# taz.de -- Nach dem Putsch in Mali: Im Schatten der Islamistenfahne
       
       > Die Berichte aus dem von Tuareg-Rebellen ausgerufenen Wüstenstaat zeugen
       > von islamistischen Übergriffen. Auch die Versorgungslage scheint schlecht
       > zu sein.
       
 (IMG) Bild: Frauen in Timbuktu warten auf die Verteilung von Lebensmitteln.
       
       COTONOU taz | Issa Dicko wird mit jedem Tag besorgter, wenn er die
       Nachrichten aus seiner Heimat hört. Der Targi stammt aus Timbuktu, der
       historischen Stadt im Norden Malis, die nun zu „Azawad“ gehört. Das ist das
       Territorium, das die Tuaregrebellenarmee MNLA (Nationalbewegung zur
       Befreiung von Azawad) seit dem 6. April als ihren eigenen Staat bezeichnet.
       Und genau aus dieser Gegend gibt es nun jeden Tag neue Schreckensmeldungen.
       Zuletzt meldeten malische Zeitungen, in Gao hätten Bewaffnete beim
       öffentlichen Gebiet zwei jungen „Dieben“ die Hände abgehackt.
       
       Die Tuaregseparatisten der MNLA seien das kleinere Problem, findet Dicko.

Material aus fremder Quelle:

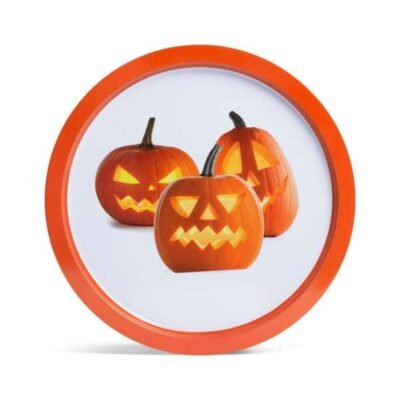 Öltöztesse otthonát halloween-i hangulatba! Nem maradhat ki a sorból az étkezőasztal sem. Kínálja például süteményeit erről a halloween-i, tök mintás fém tálcáról vagy használja vacsorázáskor.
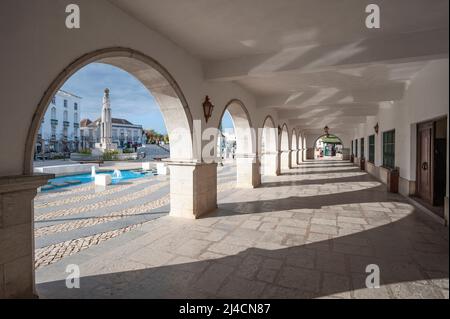 Arkaden des Rathauses, Tavira, Algarve, Portugal, Europa | Historische Arkaden des Rathauses in Tavira an der Algarve in Portugal. In der Vorgruppe Stockfoto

       Viel mehr sorgt sich der einstige Mitorganisator des legendären
       Kulturfestivals „Festival au Désert“ nun um den Einfluss von Ansar Dine
       (Verteidiger des Glaubens). Der Anführer dieser radikalen islamistischen
       Gruppe, Iyad Ag Ghaly, ist ebenfalls Targi und war Rebellenführer der
       ersten Stunde aus den 1990er Jahren. Jetzt sind seine Kämpfer, bis vor
       Kurzem in Algerien basiert, in den Norden Malis eingerückt und haben sich
       fest etabliert, vor allem in Gao. In den von Ansar Dine eroberten Gebieten
       soll die Scharia besonders streng ausgelegt werden.
       
       Issa Dicko empfindet das als einen großen Widerspruch. „Wir sind doch schon
       Muslime“, sagt er. Die Tuareg hätten zwar immer wieder für Autonomie im
       Norden gekämpft, aber nie für radikalen Islam. „Das ist eine neue Idee, und
       viele Menschen sind damit überhaupt nicht einverstanden“, sagt er.
       
       Zu der Spekulation, der Norden Malis werde nun endgültig zum Sammelbecken
       von Terroristen, passt auch die Vermutung, dass Boko Haram dort Fuß gefasst
       haben könnte. In Nigeria gilt die radikale Sekte seit Jahren als größtes
       Sicherheitsrisiko und hat Hunderte von Menschenleben auf dem Gewissen. Boko
       Harams Ziele sind denen von Ansar Dine ziemlich ähnlich. Vergangene Woche
       sollen Mitglieder von Boko Haram in Gao gesichtet worden sein.
       
       ## Rechtsfreier Raum seit Jahren
       
       An einen eigenen Boko-Haram-Flügel in Mali glaubt Hussaini Abdu, Leiter der
       nichtstaatlichen Organisation ActionAid in Nigeria, nicht. „Allerdings ist
       es sehr gut möglich, dass Mitglieder von Boko Haram in den vergangenen
       Jahren in der Sahara ausgebildet worden sind“, sagt Abdu, der sich seit
       Jahren mit Boko Haram befasst. Schuld daran habe Malis Regierung, die über
       eine lange Zeit nichts dagegen unternommen hätte. „Der Norden ist seit
       einigen Jahren zu einem rechtsfreien Raum geworden, in dem sich radikale
       Gruppen gut ausbreiten konnten.“
       
       Dass die Angst vor radikalen Islamisten die eigentlich größere ist, denkt
       auch Martha Mamozai. Die Deutsche ist seit 1996 mit einem Malier
       verheiratet. Ihr Mann lebt derzeit in Douentza, südlich von Timbuktu, an
       der Grenze zwischen Azawad und Mali. Fast täglich telefoniert sie mit ihm.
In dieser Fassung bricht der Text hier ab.